WASHINGTON – The threat of foreign adversaries such as Russia trying to influence U.S. politicians, campaigns and the public “continues to grow,” with elections presenting an especially attractive target, Deputy Attorney General Rod Rosenstein said.
“Influence operations are a form of information warfare,” Rosenstein said in prepared remarks for a speech Thursday at the Aspen Security Forum in Colorado. “Covert propaganda and disinformation are among the primary weapons.”
Elections, in particular, provide “an attractive opportunity for foreign influence campaigns to undermine our political processes,” Rosenstein said. The deputy attorney general cited comments by Director of National Intelligence Dan Coats, who said last week that “the digital infrastructure that serves this country is literally under attack.”
Rosenstein’s comments came as the Justice Department released a 156-page report describing the department’s plans to respond to cybersecurity threats and, in particular, malign foreign influence operations. The report identifies five categories of malicious influence operations, including hacking attacks on election infrastructure; covert and overt operations to harm or assist political organizations; and activities to manipulate public opinion or sow divisions.

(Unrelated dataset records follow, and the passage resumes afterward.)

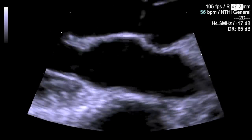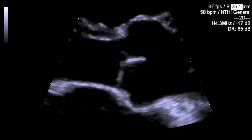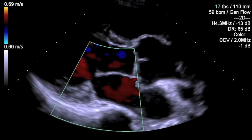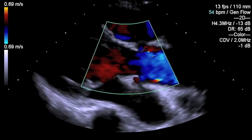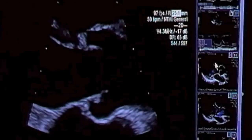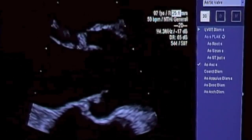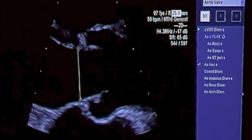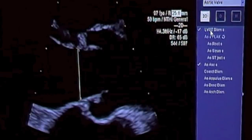Make an assessment of the mitral valve and the aortic valve, looking at the morphology and leaflet movements, and apply colour flow Doppler to assess for any gross valvular regurgitation. When zooming in on the left ventricular outflow tract, make an assessment of the size by measuring at leaflet insertion or one centimetre proximal to leaflet insertion — the distance at its widest point, which is usually in early systole.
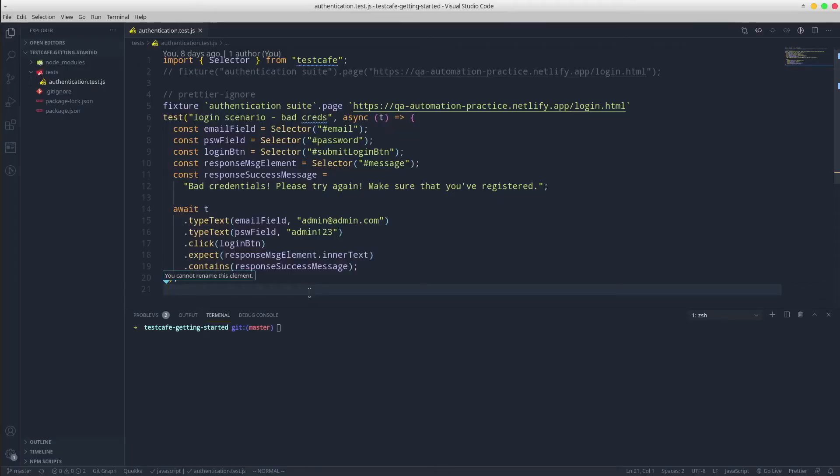The starting point is the TestCafe project that we have created in the previous tutorial. However, you can find its link in the description below.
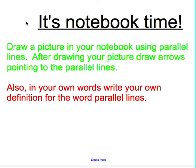The second thing is you're going to write down three things around you that are real life objects with parallel lines. The last thing is to write your own definition for the word parallel lines. Put all of this in your notebook. Have a good night and I will see you tomorrow!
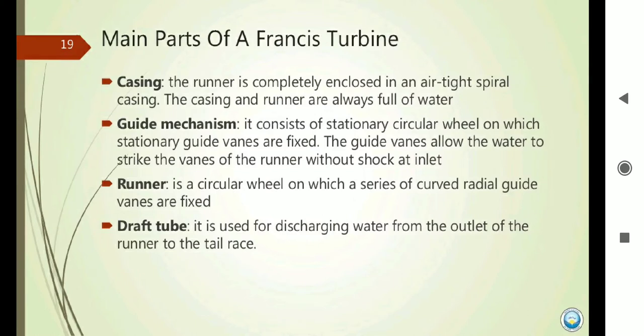The main parts of the Francis Turbine are: casing, guide mechanism, runner, and draft tube. The function of casing is to overcome the splashing problem of water — the casing is always full of water here. The basic difference between the Pelton turbine and Francis Turbine is that the Francis Turbine is always submerged in water.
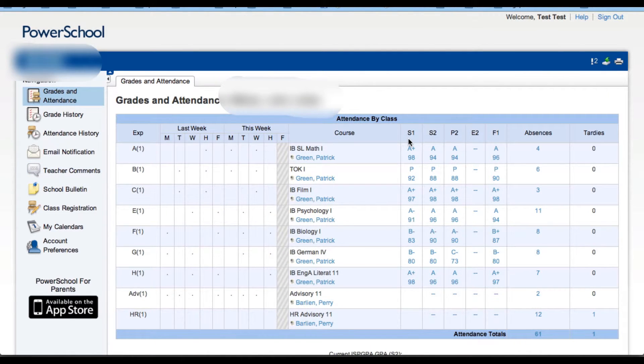Every school's reporting terms are potentially different. You can see the ones that they use here. You'll need to talk with your school about what each of those reporting terms entails.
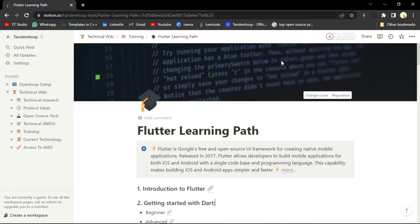Hi everyone, this is Abhishek and welcome back to another session of OpenLoop. Till the last session, we have covered up to the advanced topics of Dart. And in today's session, we are going to start with the basics of Flutter. If you have no idea about Flutter, no worries. I'll tell you each and everything. We will guide you throughout the session about all the basic things that you should know about Flutter for Flutter development.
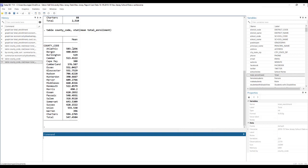But each column tells us the average number of students in each school. So on average, schools in Atlantic County have 583 students, whereas schools in Monmouth County have on average 522 students, whereas schools in Salem County have on average 318 students. So that's how we would do that.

The report also says the Justice Department should consider “whether legislation to address encryption (and all related service provider access) challenges should be pursued.” That appears to be a reference to law enforcement efforts to get companies including Apple Inc. to provide access to locked mobile phones.
The report from the department’s Cyber-Digital Task Force is meant to serve as a framework that establishes principles for how to respond to an attack like the one launched by Russia during the 2016 U.S. election, Rosenstein said.
“The Russian effort to influence the 2016 presidential election is just one tree in a growing forest,” Rosenstein said. “Focusing merely on a single election misses the point.” He added that “modern technology vastly expands the speed and effectiveness of disinformation campaigns.”
“The internet and social media platforms allow foreign agents to spread misleading political messages while masquerading as Americans,” he said, adding that there is also a threat from government-controlled media outlets and paid lobbyists.
“People should be aware when lobbyists or media outlets are working for a foreign government so they can evaluate the source’s credibility,” the deputy attorney general said. “Particularly when respected figures argue in favor of foreign interests, it may matter to know that they are taking guidance from a foreign nation.”